Note that argnum refers to the index of a parameter within the list of trainable parameters. For example, if we have:

>>> tape = qml.tape.QuantumScript(
...     [qml.RX(1.2, wires=0), qml.RY(2.3, wires=0), qml.RZ(3.4, wires=0)],
...     [qml.expval(qml.Z(0))],
...     trainable_params = [1, 2]
... )
>>> qml.gradients.param_shift(tape, argnum=1)

The code above will differentiate the third parameter rather than the second.

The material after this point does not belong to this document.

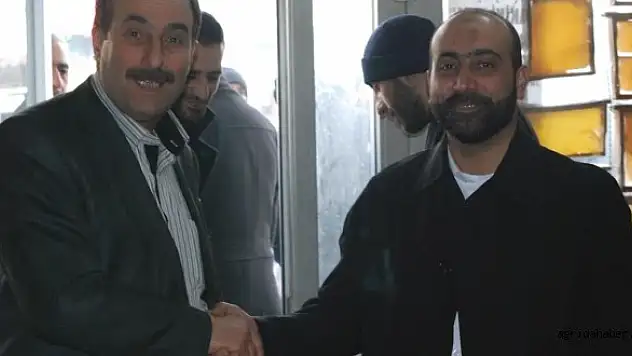 Esnaf Burhan Aslan'a tatlı ikram etti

The output tapes can then be evaluated and post-processed to retrieve the gradient:

>>> dev = qml.device("default.qubit")
>>> fn(qml.execute(gradient_tapes, dev, None))
((Array(-0.3875172, dtype=float64),
  Array(-0.18884787, dtype=float64),
  Array(-0.38355704, dtype=float64)),
 (Array(0.69916862, dtype=float64),
  Array(0.34072424, dtype=float64),
  Array(0.69202359, dtype=float64)))

This gradient transform is compatible with devices that use shot vectors for execution.

shots = (10, 100, 1000)
dev = qml.device("default.qubit", shots=shots)
@qml.qnode(dev)
def circuit(params):
    qml.RX(params[0], wires=0)
    qml.RY(params[1], wires=0)
    qml.RX(params[2], wires=0)
    return qml.expval(qml.Z(0)), qml.var(qml.Z(0))
>>> params = np.array([0.1, 0.2, 0.3], requires_grad=True)
>>> qml.gradients.param_shift(circuit)(params)
((array([-0.2, -0.1, -0.4]), array([0.4, 0.2, 0.8])),
 (array([-0.4 , -0.24, -0.43]), array([0.672 , 0.4032, 0.7224])),
 (array([-0.399, -0.179, -0.387]), array([0.722988, 0.324348, 0.701244])))

The outermost tuple contains results corresponding to each element of the shot vector.

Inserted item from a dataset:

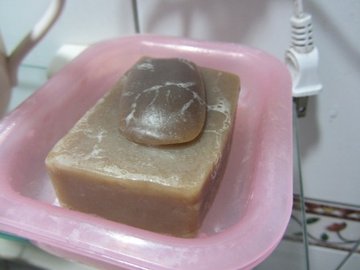 何首烏洗髮皂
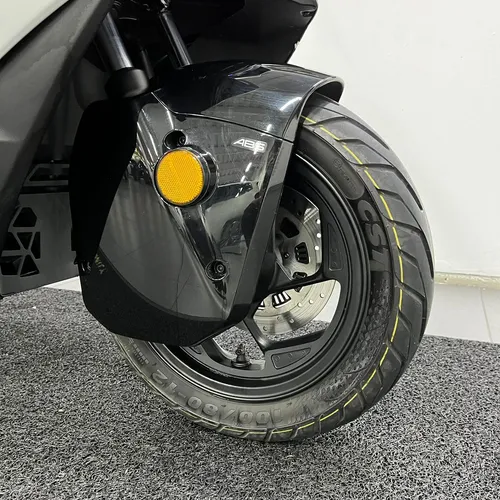 Cf Moto Zeeho Ae8+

When setting the keyword argument broadcast to True, the shifted circuit evaluations for each operation are batched together, resulting in broadcasted tapes:

>>> params = np.array([0.1, 0.2, 0.3], requires_grad=True)
>>> ops = [qml.RX(params[0], 0), qml.RY(params[1], 0), qml.RX(params[2], 0)]
>>> measurements = [qml.expval(qml.Z(0))]
>>> tape = qml.tape.QuantumTape(ops, measurements)
>>> gradient_tapes, fn = qml.gradients.param_shift(tape, broadcast=True)
>>> len(gradient_tapes)
3
>>> [t.batch_size for t in gradient_tapes]
[2, 2, 2]

The postprocessing function will know that broadcasting is used and handle the results accordingly:

>>> fn(qml.execute(gradient_tapes, dev, None))
(tensor(-0.3875172, requires_grad=True),
 tensor(-0.18884787, requires_grad=True),
 tensor(-0.38355704, requires_grad=True))

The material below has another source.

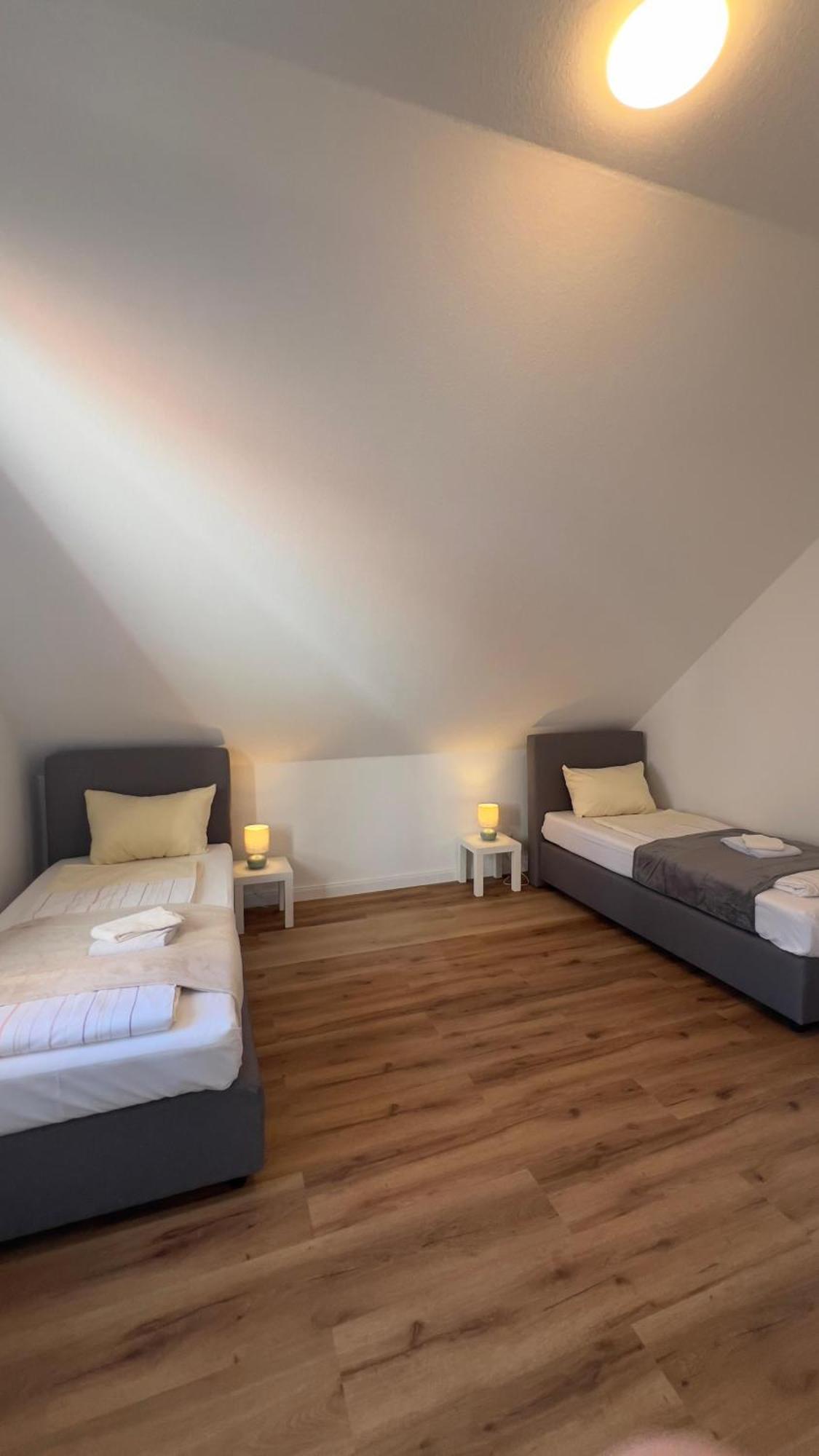 Modernes Apartment Mit 2 Schlafzimmern Und Privatparkplatz Nahe Innenstadt ノイミュンスター エクステリア 写真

An advantage of using broadcast=True is a speedup:

import timeit
@qml.qnode(qml.device("default.qubit"))
def circuit(params):
    qml.RX(params[0], wires=0)
    qml.RY(params[1], wires=0)
    qml.RX(params[2], wires=0)
    return qml.expval(qml.Z(0))
>>> number = 100
>>> serial_call = "qml.gradients.param_shift(circuit, broadcast=False)(params)"
>>> timeit.timeit(serial_call, globals=globals(), number=number) / number
0.020183045039993887
>>> broadcasted_call = "qml.gradients.param_shift(circuit, broadcast=True)(params)"
>>> timeit.timeit(broadcasted_call, globals=globals(), number=number) / number
0.01244492811998498

This speedup grows with the number of shifts and qubits until all preprocessing and postprocessing overhead becomes negligible. While it will depend strongly on the details of the circuit, at least a small improvement can be expected in most cases. Note that broadcast=True requires additional memory by a factor of the largest batch_size of the created tapes.

Shot vectors and multiple return measurements are supported with broadcast=True.